ANKARA: Turkey’s stalling economy threatens to haunt President Recep Tayyip Erdogan’s ruling AKP in local elections this month as voters stung by living costs turn against a party that built its ballot box success on the country’s prosperity.
With inflation in double digits, the Turkish currency weaker and the economy in recession, analysts say Erdogan’s Justice and Development Party (AKP) faces a major challenge to convince voters to stick with them in the March 31 ballot.
After Erdogan came to power in 2003 as premier, he was credited with helping steer the country to an economic boom that followed the 2001 financial crisis and made Turkey the new darling of emerging market investors.
That outlook has changed: Turkish GDP per capita fell to US$9,632 in 2018 from US$10,597 in 2017 and the economy is now in recession – its first since 2009.
“The AKP is reaching the limits of its economic model. Living standards are not growing,” said Berk Esen, assistant professor of international relations at Ankara’s Bilkent University.
Middle-class voters who once benefitted during AKP rule “could turn” against the party by not turning out to vote as recession hits consumers’ wallets, Esen said.

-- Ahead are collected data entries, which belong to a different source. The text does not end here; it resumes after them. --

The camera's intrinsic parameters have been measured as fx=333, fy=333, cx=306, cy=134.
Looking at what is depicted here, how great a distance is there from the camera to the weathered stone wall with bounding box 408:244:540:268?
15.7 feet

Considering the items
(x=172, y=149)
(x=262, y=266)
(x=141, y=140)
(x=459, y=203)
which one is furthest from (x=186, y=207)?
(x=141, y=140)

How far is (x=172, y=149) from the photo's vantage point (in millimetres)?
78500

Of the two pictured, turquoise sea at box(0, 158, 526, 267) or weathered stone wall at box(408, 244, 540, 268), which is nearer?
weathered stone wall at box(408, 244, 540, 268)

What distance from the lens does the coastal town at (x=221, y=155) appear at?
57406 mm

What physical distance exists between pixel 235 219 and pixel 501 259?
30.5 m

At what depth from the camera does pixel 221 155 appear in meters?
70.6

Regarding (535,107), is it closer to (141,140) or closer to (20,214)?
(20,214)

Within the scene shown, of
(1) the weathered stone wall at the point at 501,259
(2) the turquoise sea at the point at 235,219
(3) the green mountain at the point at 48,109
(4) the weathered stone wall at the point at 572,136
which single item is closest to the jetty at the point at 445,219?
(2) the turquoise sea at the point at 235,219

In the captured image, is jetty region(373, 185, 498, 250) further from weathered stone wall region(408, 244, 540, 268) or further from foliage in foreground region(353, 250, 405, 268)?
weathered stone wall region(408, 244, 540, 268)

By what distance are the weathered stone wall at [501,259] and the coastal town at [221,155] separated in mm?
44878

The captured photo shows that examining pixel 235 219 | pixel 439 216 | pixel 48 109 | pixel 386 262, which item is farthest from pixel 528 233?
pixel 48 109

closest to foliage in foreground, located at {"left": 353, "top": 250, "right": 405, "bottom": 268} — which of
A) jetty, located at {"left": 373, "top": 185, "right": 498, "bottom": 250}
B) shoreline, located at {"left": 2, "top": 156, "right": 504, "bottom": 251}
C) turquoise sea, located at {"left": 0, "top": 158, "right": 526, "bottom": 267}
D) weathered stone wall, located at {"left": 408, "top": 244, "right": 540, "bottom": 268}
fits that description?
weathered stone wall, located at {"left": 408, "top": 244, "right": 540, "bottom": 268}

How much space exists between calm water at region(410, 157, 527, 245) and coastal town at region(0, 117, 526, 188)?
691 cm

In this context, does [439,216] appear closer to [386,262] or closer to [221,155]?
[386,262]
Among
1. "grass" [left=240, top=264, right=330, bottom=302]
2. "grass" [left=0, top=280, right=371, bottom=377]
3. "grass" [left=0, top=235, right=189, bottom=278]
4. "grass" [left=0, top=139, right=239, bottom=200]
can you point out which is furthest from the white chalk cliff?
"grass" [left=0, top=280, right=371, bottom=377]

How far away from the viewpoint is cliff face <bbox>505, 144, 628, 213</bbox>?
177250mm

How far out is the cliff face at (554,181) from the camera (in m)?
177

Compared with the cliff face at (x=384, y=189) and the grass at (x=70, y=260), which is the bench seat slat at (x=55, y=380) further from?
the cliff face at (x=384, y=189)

With the polls showing the economy is Turkish voters’ number one concern, Erdogan has sought to curb inflation, even pushing local authorities to set up stands selling vegetables at below market prices.

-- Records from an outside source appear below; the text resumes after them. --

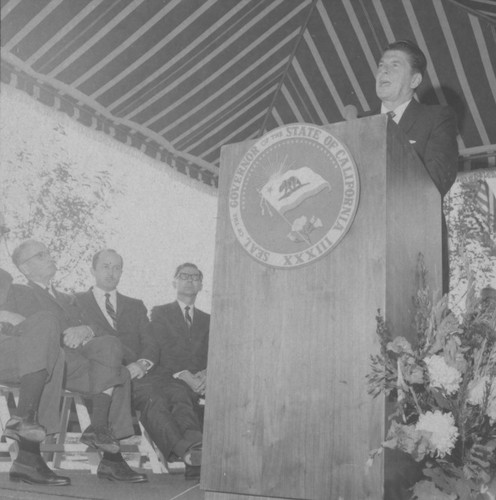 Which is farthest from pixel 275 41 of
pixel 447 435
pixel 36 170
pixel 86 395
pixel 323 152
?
pixel 447 435

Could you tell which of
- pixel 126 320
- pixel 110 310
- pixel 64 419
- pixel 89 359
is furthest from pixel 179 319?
pixel 64 419

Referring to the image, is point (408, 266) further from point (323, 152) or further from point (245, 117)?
point (245, 117)

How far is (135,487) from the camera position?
2559 mm

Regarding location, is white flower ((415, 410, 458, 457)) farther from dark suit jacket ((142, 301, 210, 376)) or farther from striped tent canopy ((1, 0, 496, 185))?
dark suit jacket ((142, 301, 210, 376))

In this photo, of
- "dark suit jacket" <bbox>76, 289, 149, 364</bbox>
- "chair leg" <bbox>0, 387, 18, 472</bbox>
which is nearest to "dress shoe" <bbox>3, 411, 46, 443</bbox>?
"chair leg" <bbox>0, 387, 18, 472</bbox>

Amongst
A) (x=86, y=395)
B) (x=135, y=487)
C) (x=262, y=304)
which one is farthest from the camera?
(x=86, y=395)

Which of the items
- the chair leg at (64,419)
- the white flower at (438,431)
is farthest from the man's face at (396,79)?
the chair leg at (64,419)

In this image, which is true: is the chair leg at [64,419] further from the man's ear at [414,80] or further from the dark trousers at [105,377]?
the man's ear at [414,80]

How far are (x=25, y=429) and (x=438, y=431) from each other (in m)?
1.70

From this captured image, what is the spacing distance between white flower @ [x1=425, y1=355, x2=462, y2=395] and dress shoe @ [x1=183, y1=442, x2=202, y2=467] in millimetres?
A: 1733

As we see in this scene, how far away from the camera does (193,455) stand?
3.10m

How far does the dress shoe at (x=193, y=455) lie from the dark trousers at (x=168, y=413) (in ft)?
0.12

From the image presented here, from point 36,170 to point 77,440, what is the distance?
138cm

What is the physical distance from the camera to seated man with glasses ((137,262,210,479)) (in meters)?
3.28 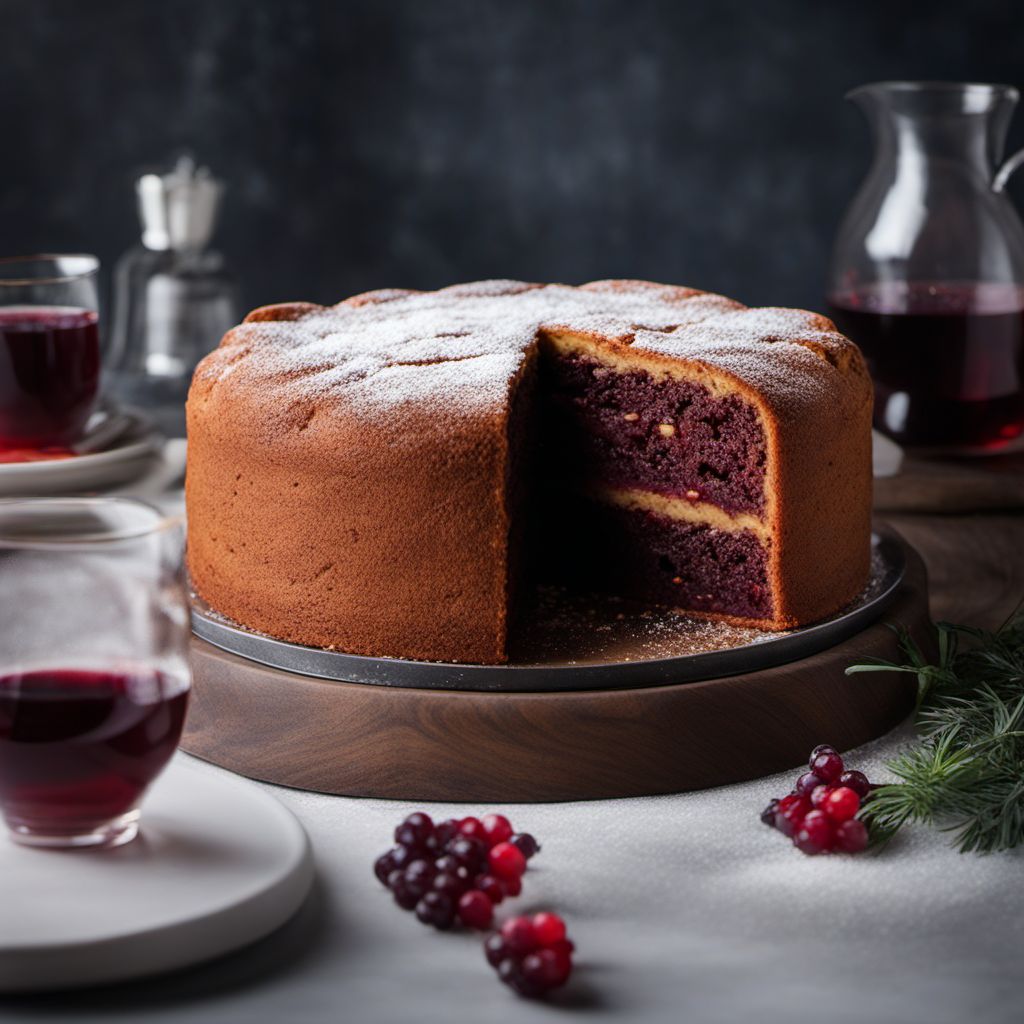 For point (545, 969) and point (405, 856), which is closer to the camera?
point (545, 969)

Erdogan has repeatedly lambasted opposition claims people lining up at the stalls were in “poverty queues”, insisting they were “queues of wealth” and the AKP was key to economic success.

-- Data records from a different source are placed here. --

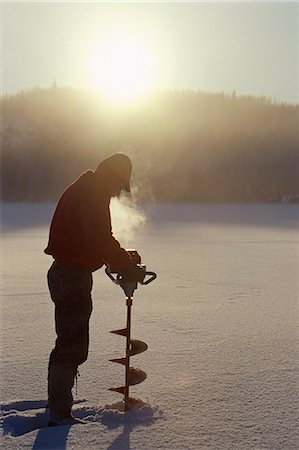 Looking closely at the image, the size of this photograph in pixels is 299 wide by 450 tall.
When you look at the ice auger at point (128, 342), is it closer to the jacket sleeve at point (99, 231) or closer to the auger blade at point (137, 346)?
the auger blade at point (137, 346)

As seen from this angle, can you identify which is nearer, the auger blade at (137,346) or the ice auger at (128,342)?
the ice auger at (128,342)

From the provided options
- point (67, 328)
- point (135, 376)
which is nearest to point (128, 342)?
point (135, 376)

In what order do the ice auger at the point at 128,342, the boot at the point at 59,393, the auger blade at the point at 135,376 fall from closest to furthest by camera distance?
the boot at the point at 59,393
the ice auger at the point at 128,342
the auger blade at the point at 135,376

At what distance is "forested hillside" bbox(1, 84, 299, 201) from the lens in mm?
32625

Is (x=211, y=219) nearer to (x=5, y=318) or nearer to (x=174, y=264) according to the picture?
(x=174, y=264)

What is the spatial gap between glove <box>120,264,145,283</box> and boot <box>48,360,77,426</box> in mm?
598

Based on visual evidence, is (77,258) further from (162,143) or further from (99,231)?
(162,143)

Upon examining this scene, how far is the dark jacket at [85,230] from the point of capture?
2930 millimetres

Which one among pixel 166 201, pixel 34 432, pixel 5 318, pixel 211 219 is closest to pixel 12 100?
pixel 166 201

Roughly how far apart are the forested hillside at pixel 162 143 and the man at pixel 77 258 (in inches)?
1056

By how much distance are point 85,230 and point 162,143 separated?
107ft

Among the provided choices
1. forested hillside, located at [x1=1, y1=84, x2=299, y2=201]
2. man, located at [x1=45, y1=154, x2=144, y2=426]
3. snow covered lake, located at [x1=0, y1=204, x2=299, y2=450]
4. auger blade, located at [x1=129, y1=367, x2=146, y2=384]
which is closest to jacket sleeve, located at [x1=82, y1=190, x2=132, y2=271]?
man, located at [x1=45, y1=154, x2=144, y2=426]

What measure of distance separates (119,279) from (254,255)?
6924 millimetres

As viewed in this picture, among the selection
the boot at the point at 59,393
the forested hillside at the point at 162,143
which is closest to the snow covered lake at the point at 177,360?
the boot at the point at 59,393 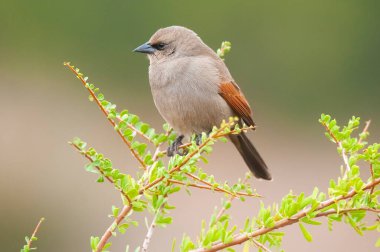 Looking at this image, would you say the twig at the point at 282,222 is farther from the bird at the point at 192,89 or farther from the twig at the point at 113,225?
the bird at the point at 192,89

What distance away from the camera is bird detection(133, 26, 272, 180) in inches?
179

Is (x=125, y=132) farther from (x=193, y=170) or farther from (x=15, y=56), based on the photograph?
(x=15, y=56)

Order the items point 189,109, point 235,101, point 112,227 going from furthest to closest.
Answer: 1. point 235,101
2. point 189,109
3. point 112,227

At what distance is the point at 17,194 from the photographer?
432 inches

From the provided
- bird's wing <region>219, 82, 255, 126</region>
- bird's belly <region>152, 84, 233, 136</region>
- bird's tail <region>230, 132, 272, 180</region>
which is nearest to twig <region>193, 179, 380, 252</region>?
bird's belly <region>152, 84, 233, 136</region>

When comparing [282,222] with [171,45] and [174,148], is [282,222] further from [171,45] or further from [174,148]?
[171,45]

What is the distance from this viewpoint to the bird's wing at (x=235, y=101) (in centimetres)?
477

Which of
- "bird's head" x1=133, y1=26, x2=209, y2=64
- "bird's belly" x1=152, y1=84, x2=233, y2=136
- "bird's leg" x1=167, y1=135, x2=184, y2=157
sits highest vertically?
"bird's head" x1=133, y1=26, x2=209, y2=64

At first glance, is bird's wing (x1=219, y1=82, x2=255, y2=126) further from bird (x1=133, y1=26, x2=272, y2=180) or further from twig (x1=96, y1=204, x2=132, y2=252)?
twig (x1=96, y1=204, x2=132, y2=252)

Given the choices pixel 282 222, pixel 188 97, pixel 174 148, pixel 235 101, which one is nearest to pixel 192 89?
pixel 188 97

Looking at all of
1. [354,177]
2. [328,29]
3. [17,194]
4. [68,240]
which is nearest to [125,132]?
[354,177]

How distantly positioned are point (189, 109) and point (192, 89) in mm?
139

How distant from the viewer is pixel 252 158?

“We will not allow any accidents to happen on March 31 on the path to ensure stability continues, and the economy strengthens,” Erdogan told supporters last month.
‘AKP the answer’
But opposition Republican People’s Party (CHP) deputy chairman Seyit Torun said it was “beyond any doubt” economic issues would affect the vote.
“Right now we are seeing the economic problems deepening. We are feeling it to the hilt,” said Torun.
He said Erdogan was worried. “If (he) wasn’t scared, would a president, the leader of the Justice and Development Party, hold two rallies every day?
“At the end of the day, these are just local elections,” Torun told AFP.
AKP officials insist voters would stay with the party because of the strong leadership and stability it has brought to Turkey during Erdogan’s time in power.
“If there are hardships in the economy then the right answer is the AKP,” deputy chairman Cevdet Yilmaz told foreign media in Istanbul last month, saying the effect of the economy on the election would be “marginal”.
But according to a CHP poll of 6,345 people in 29 provinces, around 60% of voters worry about the collapse of the economy.
Inflation remains high despite falling in February below 20% for the first time since August 2018 at the height of a US-Turkey spat that battered the lira.
Still, analysts cautioned against assuming a weaker economy would translate into major AKP losses.
Emre Erdogan, a professor of political science at Istanbul Bilgi University and no relation to the president, said the AKP could lose some votes compared with last year’s election.
But its alliance with the nationalist MHP party could offset those, and disgruntled AKP backers were unlikely to switch loyalties.
“Voters looking to punish them may not go to the opposition side for ideological reasons,” the professor said.
The AKP has also tried to compensate with a propaganda war against “external and internal enemies”, he said.
During election rallies, Erdogan has played archive footage from CHP opposition rallies and of politicians from the pro-Kurdish Peoples’ Democratic Party (HDP), which officials have accused of being a front for outlawed Kurdish militants.
Pro-government media have printed stories on the CHP’s alleged cooperation with Kurdish militants and accused the capital’s CHP and right-wing Good (“Iyi”) Party candidate, Mansur Yavas, of fraud, claims the opposition has dismissed as campaign smears.
Interior Minister Suleyman Soylu on Saturday called on Yavas and CHP’s Istanbul candidate, Ekrem Imamoglu, to “come out, call the PKK a damned terror organisation” – referring to the outlawed Kurdistan Workers’ Party.
The AKP has used a “strategy of polarisation” to disqualify the opposition, said Menderes Cinar, a political science professor at Baskent University.
The AKP wants to “divert attention from its policy failures, portray all its opponents as security threats and render its electoral base loyal,” Menderes said.
“In a sense, the AKP has represented a negative politics geared only to preventing the opposition from taking over.”